12. Malam Pertama

Minggu, 15 Februari 2009 |

Duduk termenung sendirian di beranda apartemenku, dengan ditemani segelas cappucino hangat buatanku sendiri, membuatku merasa berada di surga. Tak ada yang lebih indah dari kesunyian untuk seorang introvert seperti aku.

Tak kuhiraukan lagi angin malam yang menerpa tubuh ini, walau tak ada selembar cardigans ataupun jaket yang menyelimutiku. Tak ingin rasanya aku lewati malam pertama ini. Merasakan hidup sendiri. Mencoba menata diri dan menapaki jalan hidup yang lebih dewasa.

Tak pernah aku dapati pemandangan seperti malam ini. Setidaknya tak kudapati dengan sepenuh jiwa. Hamparan lampu dari gedung-gedung pencakar langit tepat di depan mataku, dan kilau lampu jalanan, serta lampu mobil yang menyilaukan saat aku menundukkan kepala. Tak berhenti sampai di sana rasa takjub ini, saat kepala ini terangat, mendangak, ribuan bintang tersenyum, berkerling, bermain mata, seakan ingin bercumbu dengan sang bulan, tak peduli mereka akan terlihat jelas, dengan pekatnya langit yang berada di belakangnya.
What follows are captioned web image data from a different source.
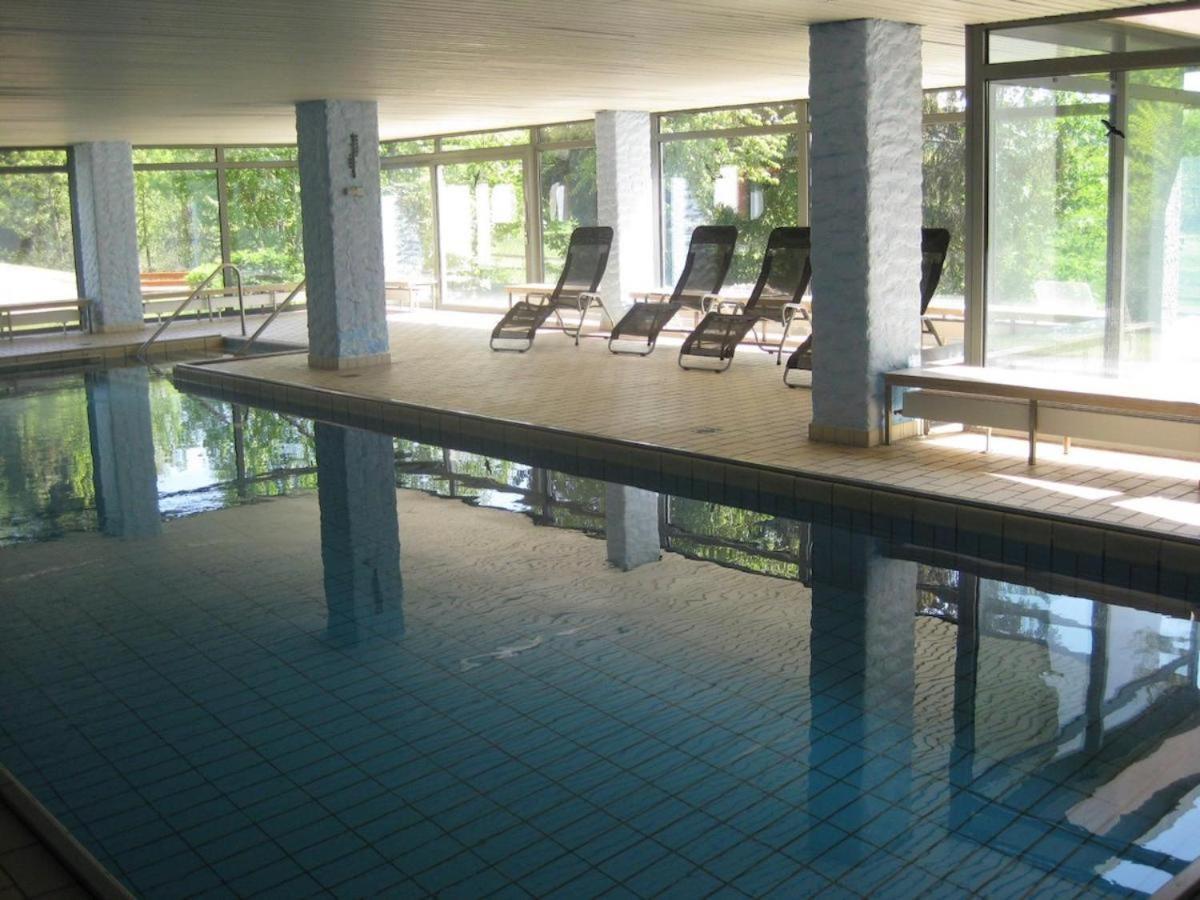 Kurhotel Schluchsee Apartment 2411 Extérieur photo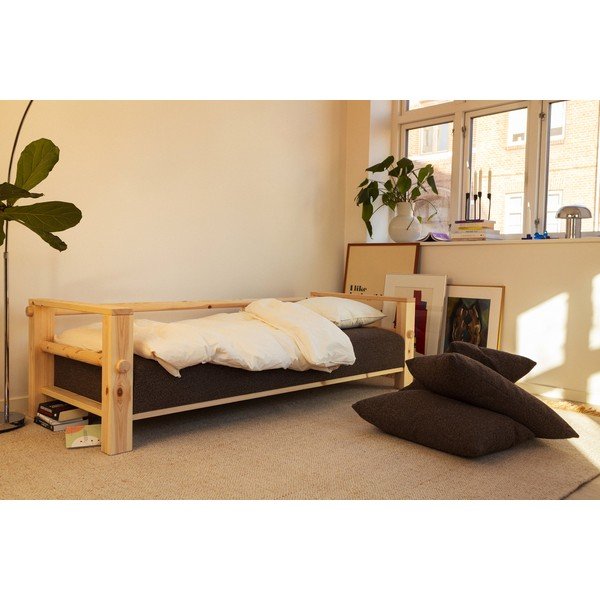 Helehall diivan 225 cm Bare - Karup-image-2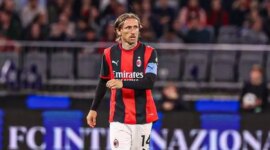 Modric: “I could have signed in December, but I wanted to listen to my body”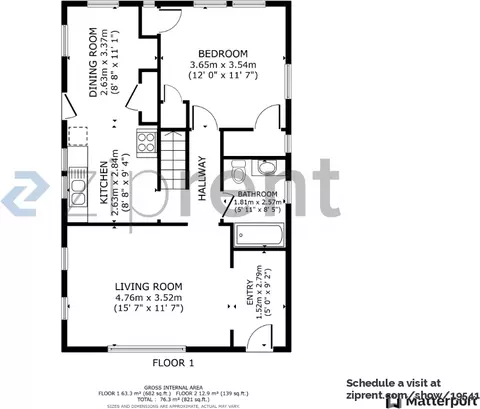 1336 Parker St, Berkeley, CA 94702 photo 26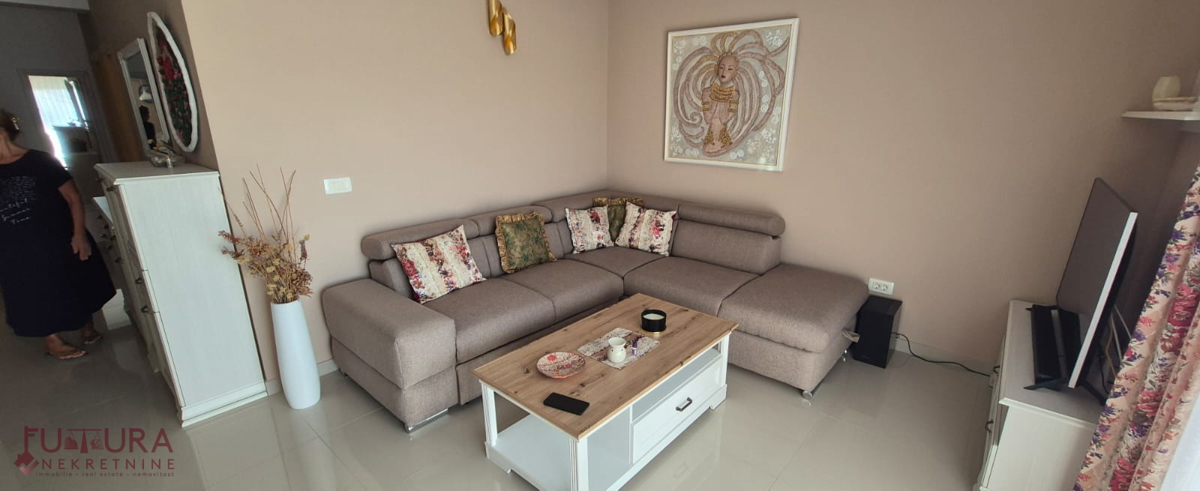 Pag - Mandre, stanovanje 62,10 m2, prodaja, razgled, lokacija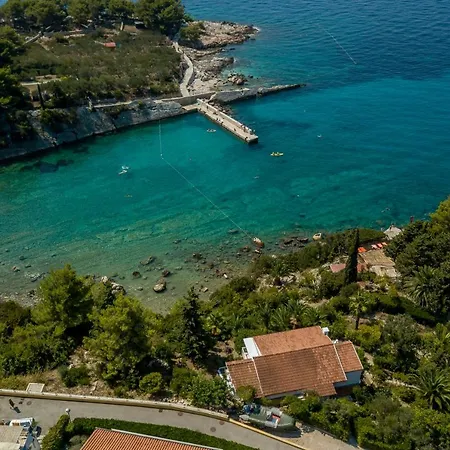 Shades Of Blue Apartment Hvar Town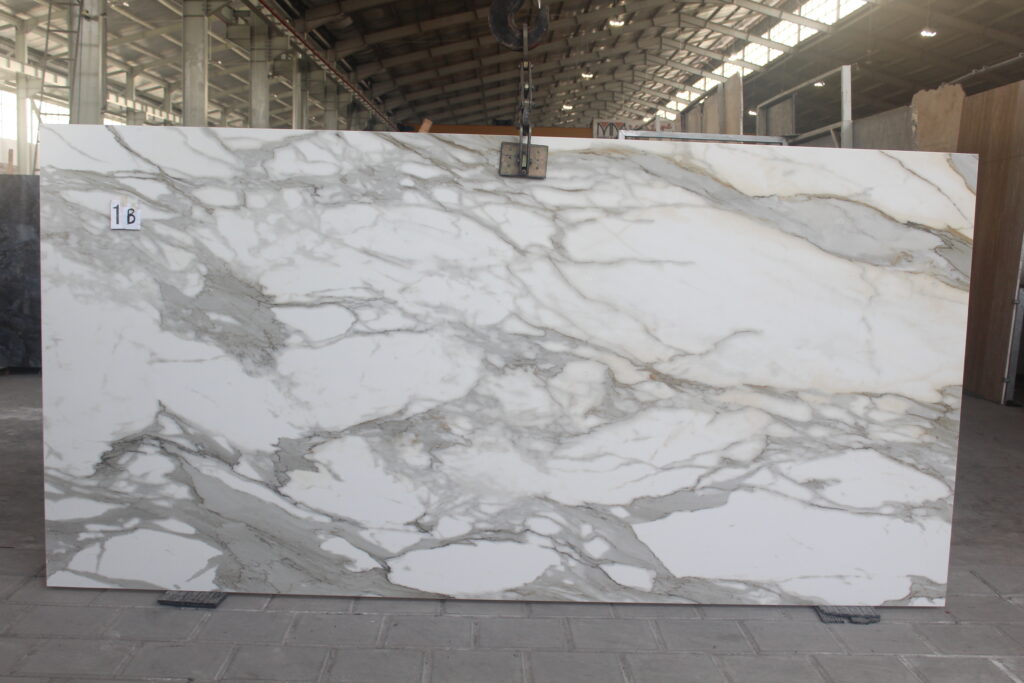 SINTERRA – CALACATTA BORGHINI, photo 2 of 3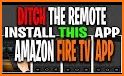 4k fire tv remote universal android info tv related image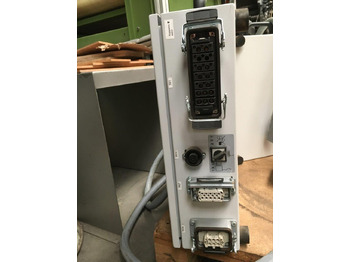 Фальцовщик HEIDELBERG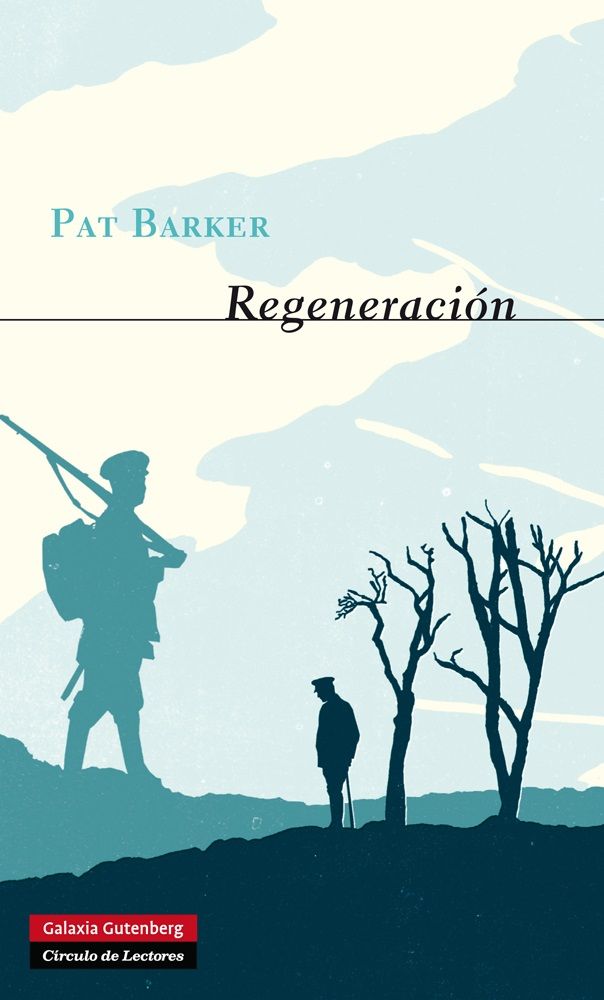 REGENERACIÓN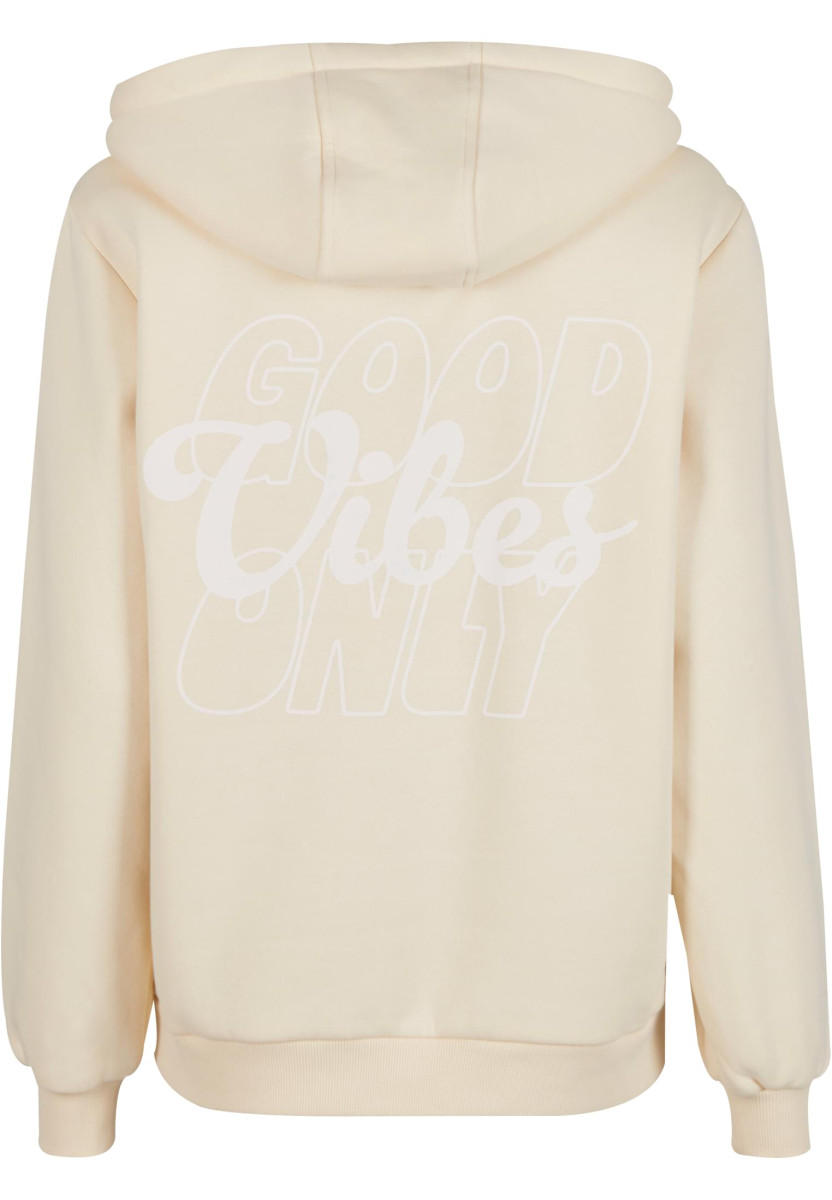 Good Vibes Puff Print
Dinginnya malam memutuskanku untuk meninggalkan beranda dan berhenti berkhayal. Berkhayal aku menari di antara bintang, tak pedulikan sakit, tak rasakan cemas. Khayalku pun pergi semenit kemudian, terganti dengan cinta. Cinta akan perih, sakit yang sering aku cari, yang sebenarnya aku pedulikan.

"Aah sudahlah, aku akhiri saja renungan tak pentingku malam ini. Biar sisa malam pertama ini, aku nikmati dengan tidur."

Takjubku malam ini pun bertambah satu. Sebuah amplop kecil berwarna jingga, tergeletak di atas tempat tidur. Dalam hitungan detik, amplop itu pun sudah ada di tanganku, dan aku buka.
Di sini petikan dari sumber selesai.